The Court targeted several commonly used terms in arbitration agreements and found that they either unfairly limited an employee's statutory rights and remedies or unilaterally granted the employer benefits not afforded to the employee:

  • The "one-sided coverage term," which limits the applicability of the agreement to claims brought by the employee, while imposing no similar restriction on the employer;
  • The strict one-year statute of limitations term, which deprives employees of the benefits of the continuing violation theory;
  • The bar on class-wide arbitration, contrary to "firmly rooted principles" of both the federal and California legal systems;
  • The fee provision requiring that an employee pay the employer a $75 filing fee in order to initiate a complaint against employer and the failure to provide for an indigence-based fee waiver;
  • The allocation-of-costs provision, requiring that a nonprevailing employee be held liable for the employer's arbitration costs and requiring the prevailing employees to cover their own costs, unless the arbitrator decides otherwise;
  • The proscription of otherwise available statutory remedies and the limits on an employee's damages otherwise provided by federal law; and
  • The employer's unilateral right to terminate or modify the agreement.

Employers who require arbitration agreements as a condition of employment should review their agreements to eliminate or equalize any provisions that are the same or similar to those in Ingle. The employer should also consider whether other changes should be made in order to maximize the likelihood that the agreement can withstand a court challenge. Guidance for the employer seeking to "court proof" an arbitration agreement can be found in Armendariz v. Found.
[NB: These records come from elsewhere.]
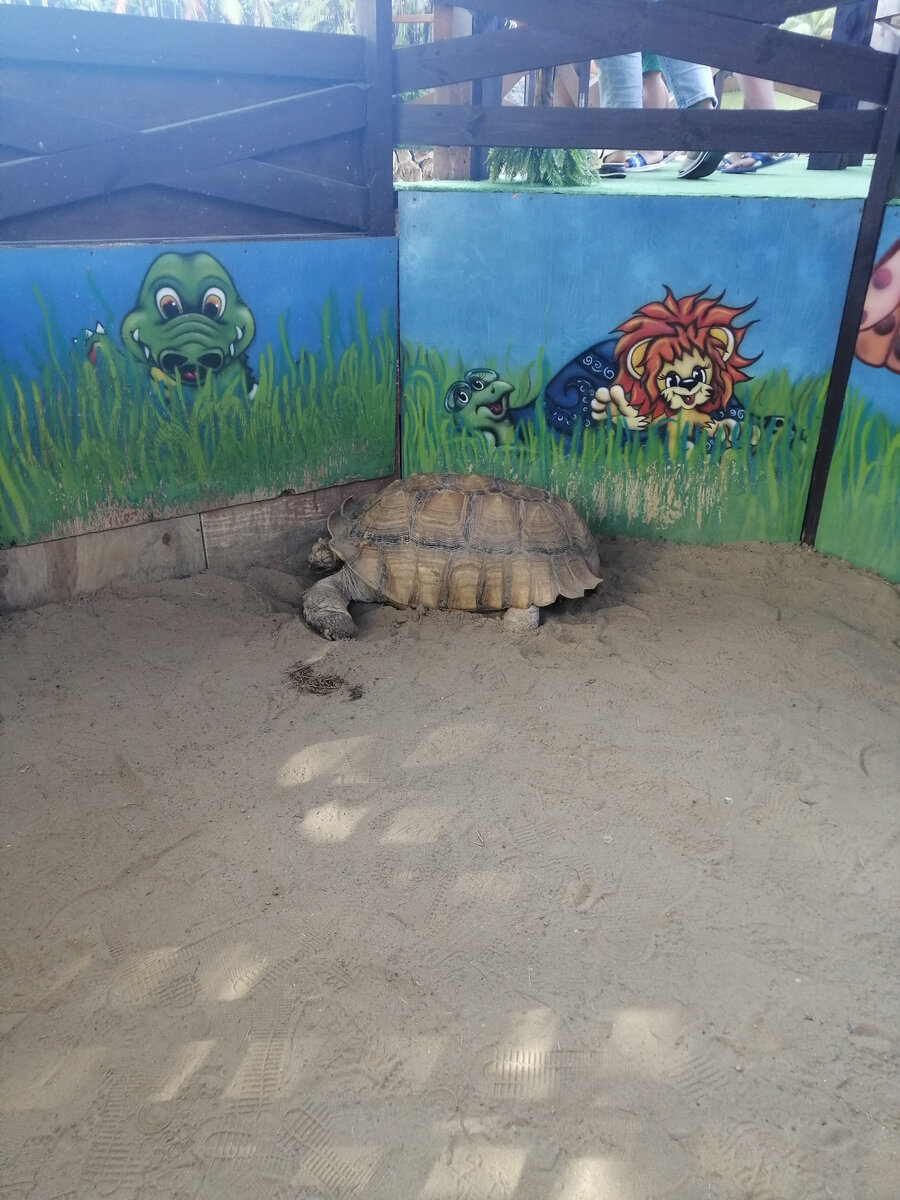 2 поликлиника ейск. номер 1 поликлиники ейск. 3 поликлиника ейск. 1 поликлиника ейск взрослая. ул победы 101 ейск.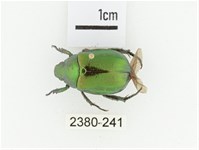 艷金龜藏品圖，第1張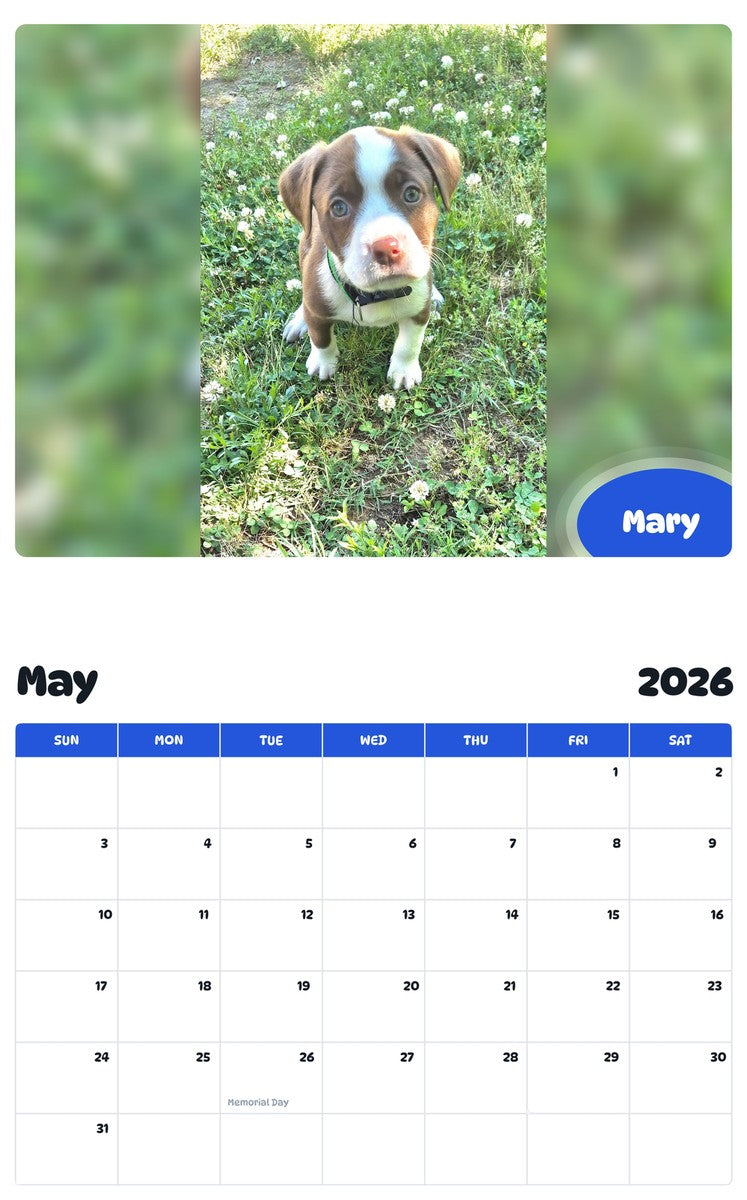2026 - 2027 Mary - Pawidols Pet Calendar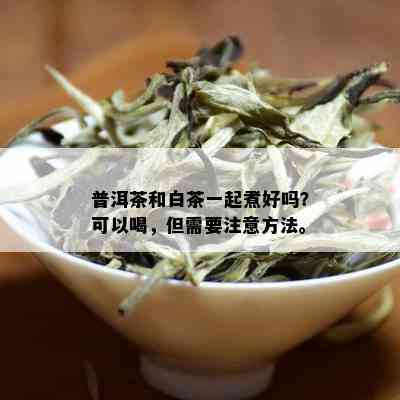 普洱茶和白茶一起煮好吗？可以喝，但需要注意方法。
Health Psychcare Servs., Inc., 24 Cal.4th 83 (Cal.2000), which discusses procedural and substantive unconscionability and sets forth the minimum requirements for sustainable agreements to arbitrate statutory and public rights claims.

The Circuit City agreement was stand-alone and addressed solely the subject of arbitration. Some arbitration agreements, however, are contained within the context of a larger employment agreement that addresses other terms and conditions of employment. Under current California law, it is unlikely that a court would invalidate an entire agreement if it found a single portion or term unconscionable. California Civil Code section 1670.5 permits the enforceability of partially void contracts. Additionally, the California courts have applied the concept that the standards of minimum fairness enunciated in Armendariz are essential to avoiding unconscionability only to statutory and public policy claims, and not to claims arising solely from contract. Thus, the possibility of invalidating an entire employment agreement with an unconscionable arbitration clause would seem remote if the arbitration clause in the agreement relates solely to claims arising under that agreement, as distinguished from all claims arising from the employment relationship. However, the question whether an entire employment contract might be rendered void in its entirety by inclusion of an unconscionable arbitration provision has not been tested in any published court decision.

Any employment agreement that binds an employee to arbitration of all employment-related disputes should be evaluated in light of Ingle by companies' human resource professionals and law department or legal counsel.